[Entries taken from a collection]
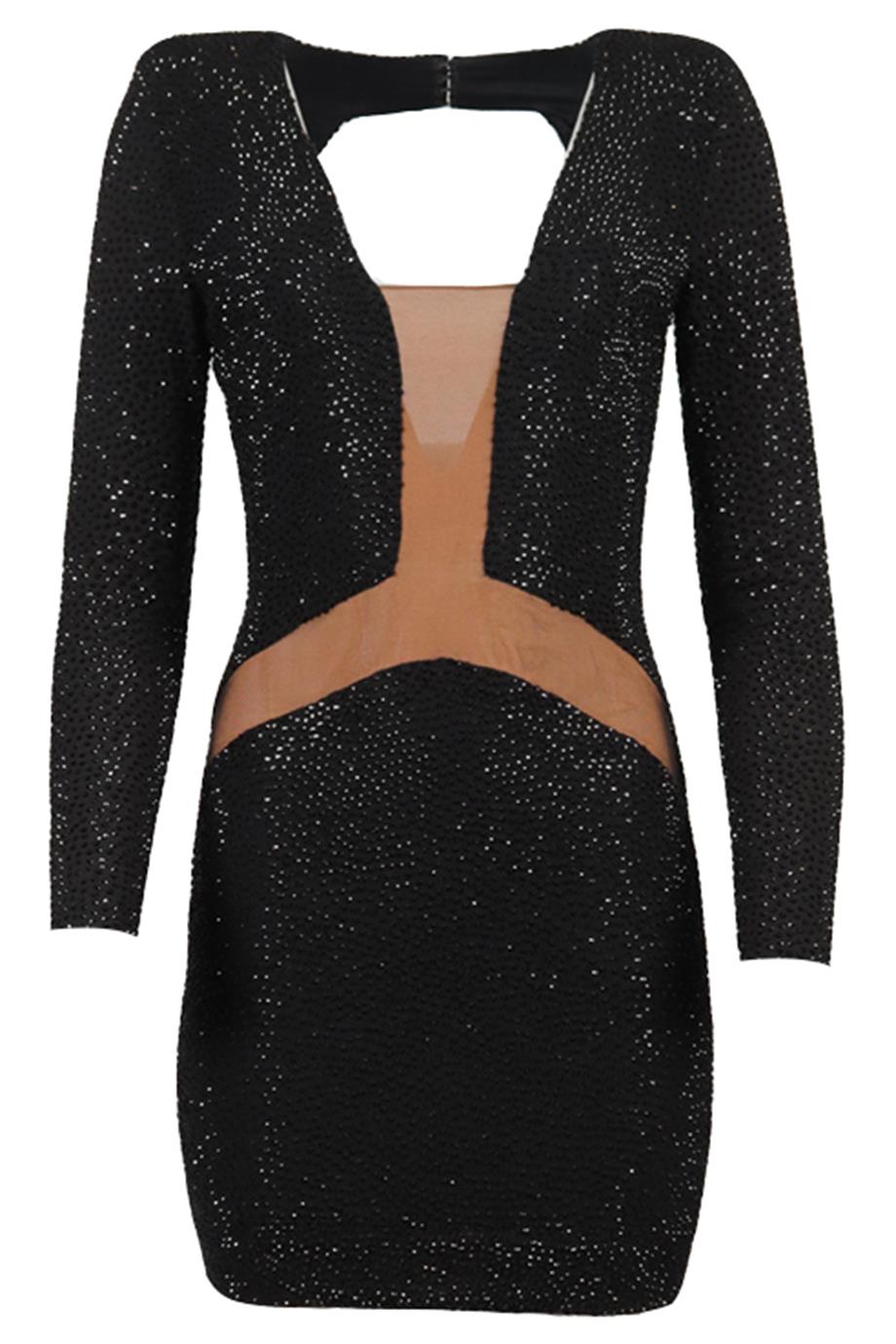 RALPH & RUSSO HAUTE COUTURE CRYSTAL AND SILK MINI DRESS XSMALL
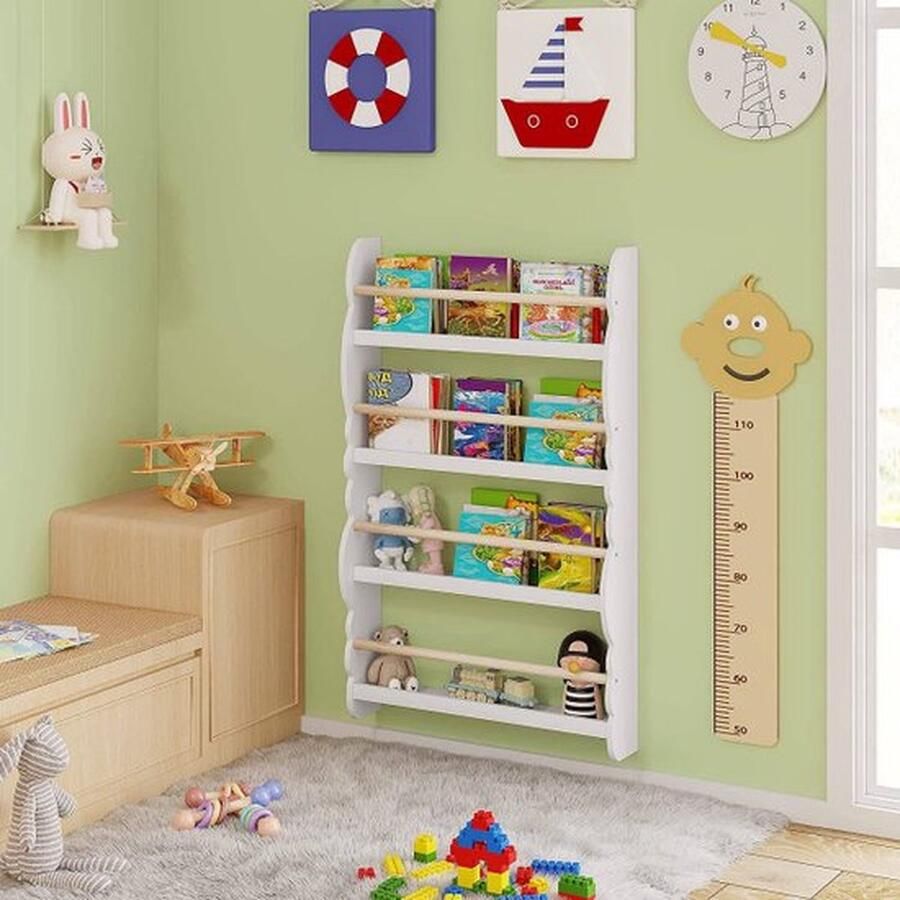 Mrs. Jones Kinderboekenrek Kinderboeken Plank Wandplank Kinderkamer Modern en Ruimte Besparend 4 Lagen B60.5xH98xD14.5CM MDF Grenen Wit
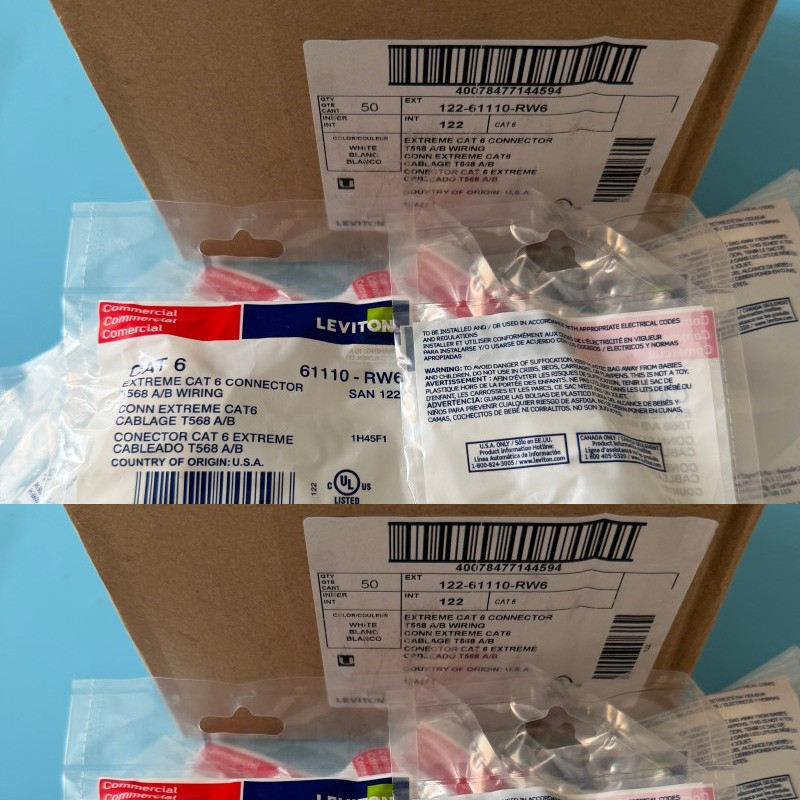 100PCS/Box For Leviton 61110-RW6 Cat6 Keystone Jack Gigabit RJ45 White USA Stock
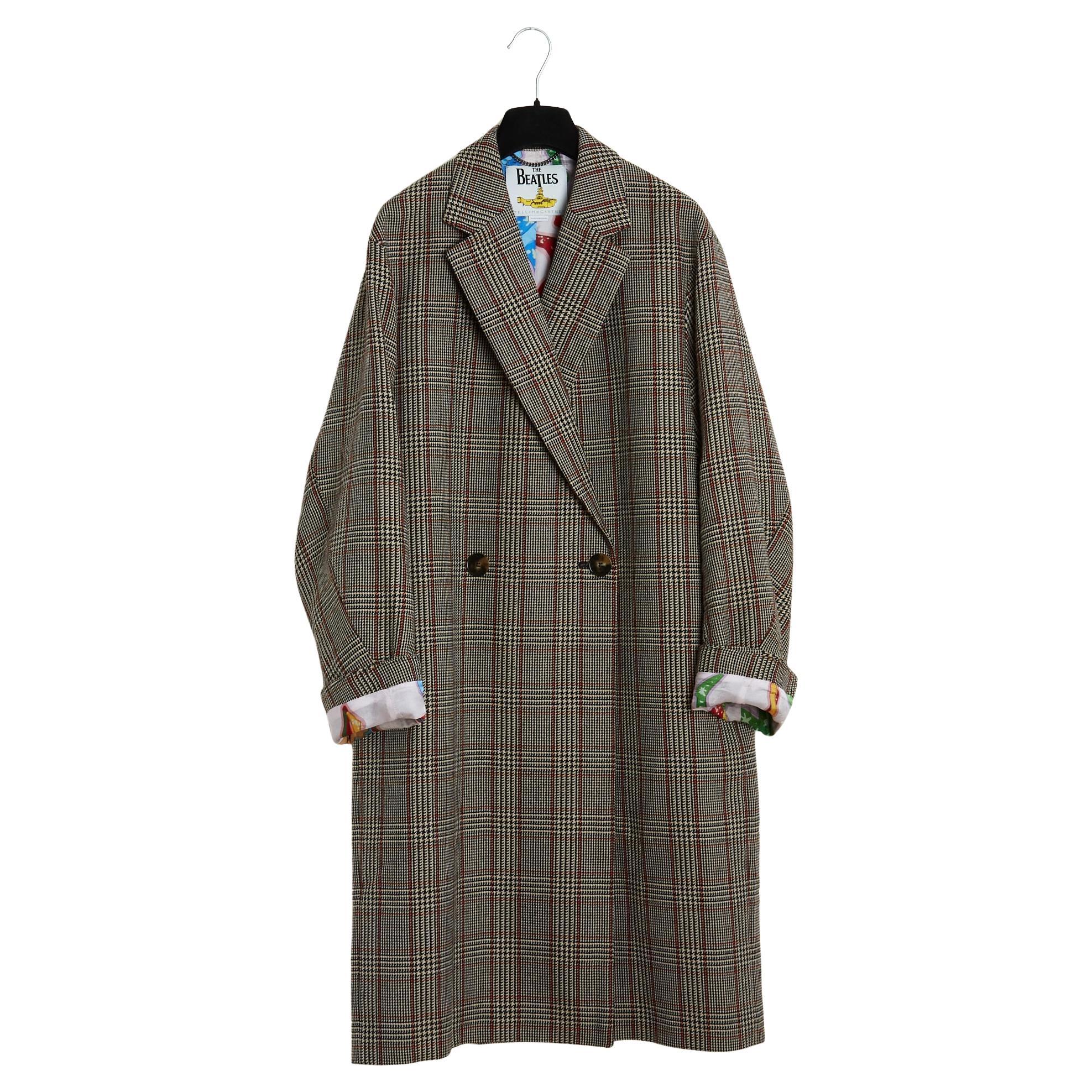 Stella McCartney The Beatles Manteau Oversize FR36 Wool Check Maxi Coat UK8 US6 en vente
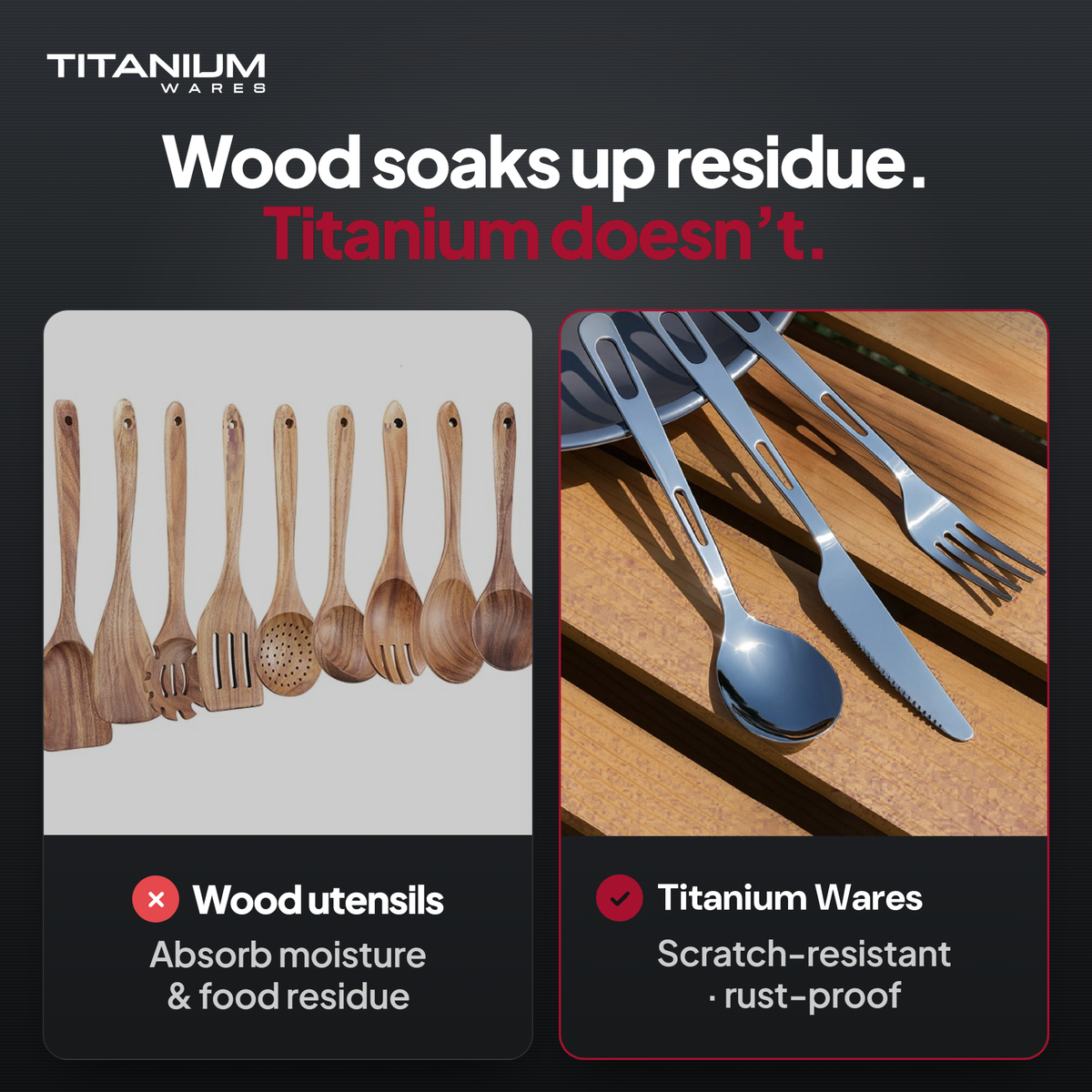 Titanium Wares titanium cutlery set compared with ordinary alternatives: Wood soaks up residue. Titanium doesn’t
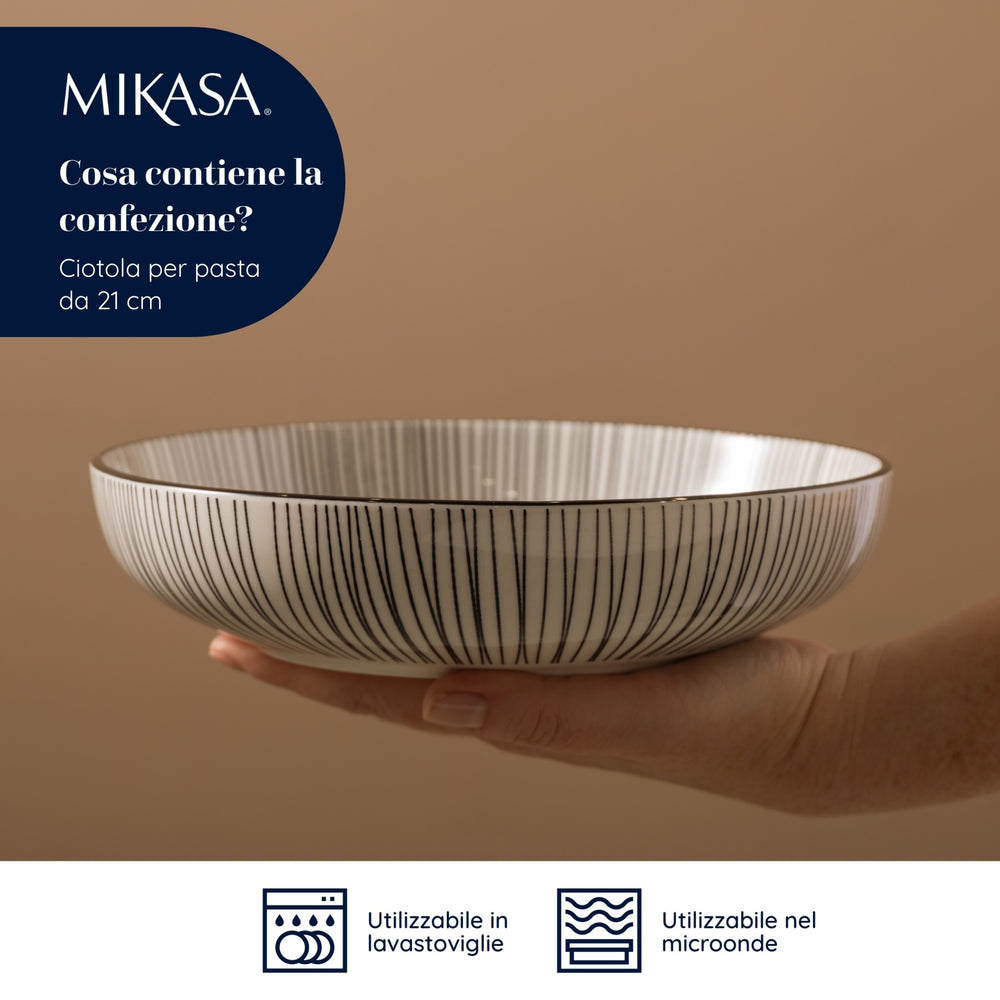 Mikasa Black Stripe Stoneware Bowl, 21 cm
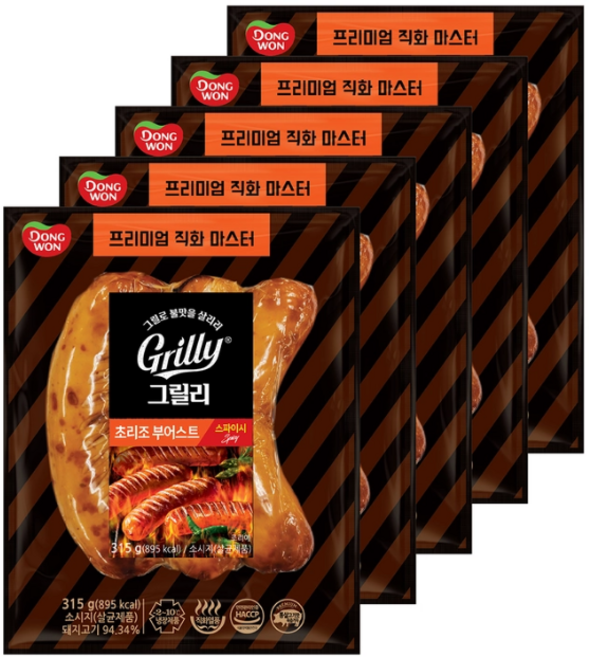 동원 그릴리 크럼 부어스트(오리리널), 315g, 5개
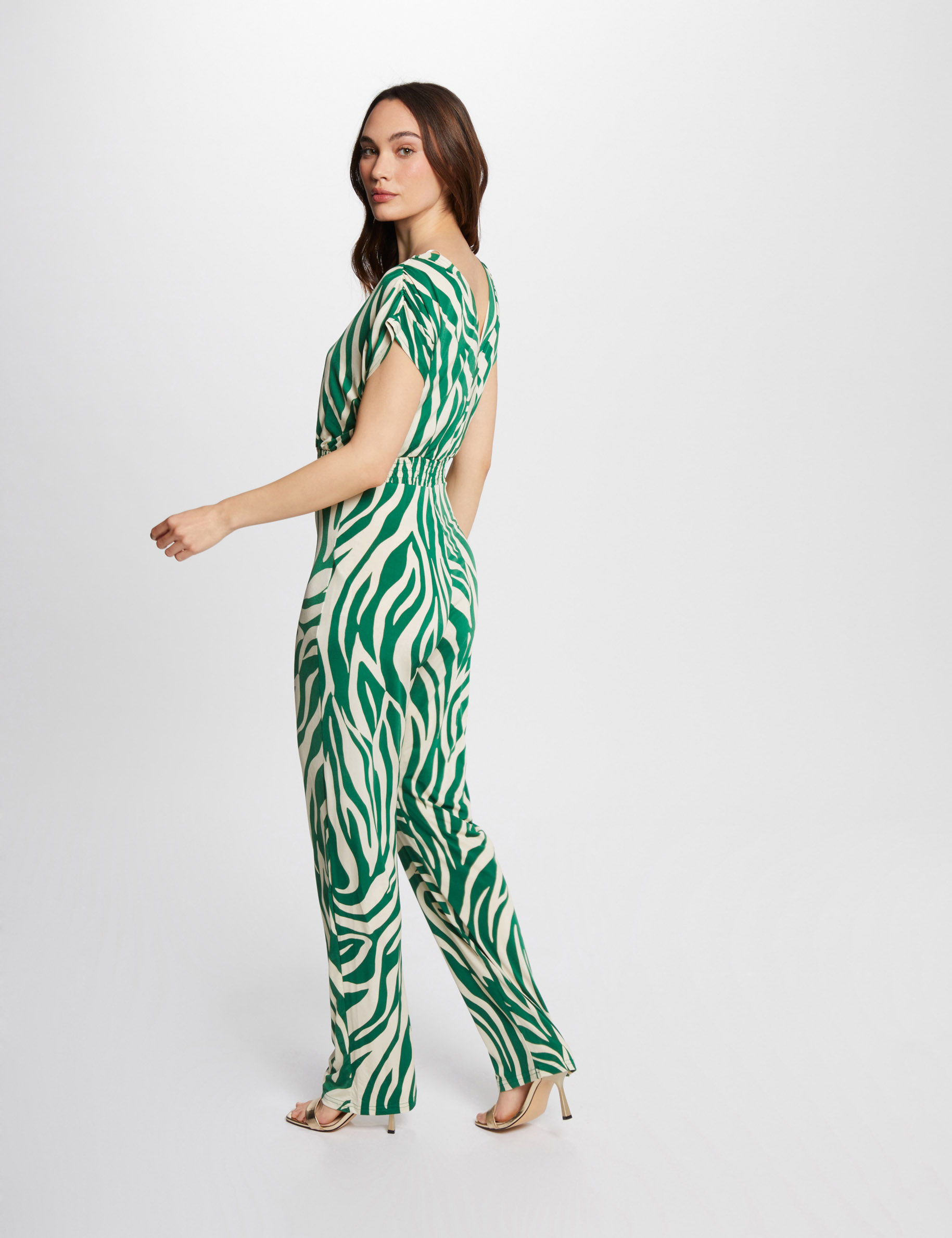 Lange jumpsuit met print meerkleurig vrouw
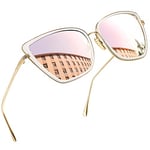 Joopin Lunettes de Soleil Femme Oversize Lunette de Soleil Miroir Rose Papillion Lunettes Stylées Classique Designer Rétro Mode UV400 Protection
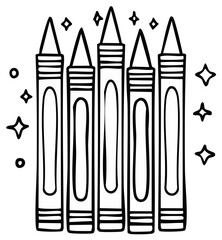 Fototapeta premium Crayons outline for coloring activity creativity art craft supplies school drawing tools artist illustration education learning supplies
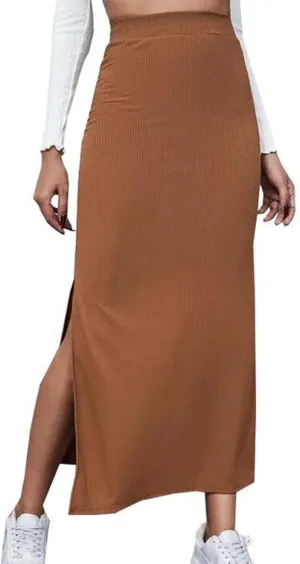 Women's High Waisted Stretch Wrap Hip Maxi Skirts Side Split Bodycon Pencil Skirt Versatile Casual Fashion Skirt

▶ **Exercise requirements**: Transcribe only the lines above that start at the line containing "동원 그릴리 크럼 부어스트(오리리널), 315g, 5개" and end at the line containing "Fototapeta premium Crayons". Omit pictures.

▶ **Written answer**:
 동원 그릴리 크럼 부어스트(오리리널), 315g, 5개
 Lange jumpsuit met print meerkleurig vrouw
 Joopin Lunettes de Soleil Femme Oversize Lunette de Soleil Miroir Rose Papillion Lunettes Stylées Classique Designer Rétro Mode UV400 Protection
 Fototapeta premium Crayons outline for coloring activity creativity art craft supplies school drawing tools artist illustration education learning supplies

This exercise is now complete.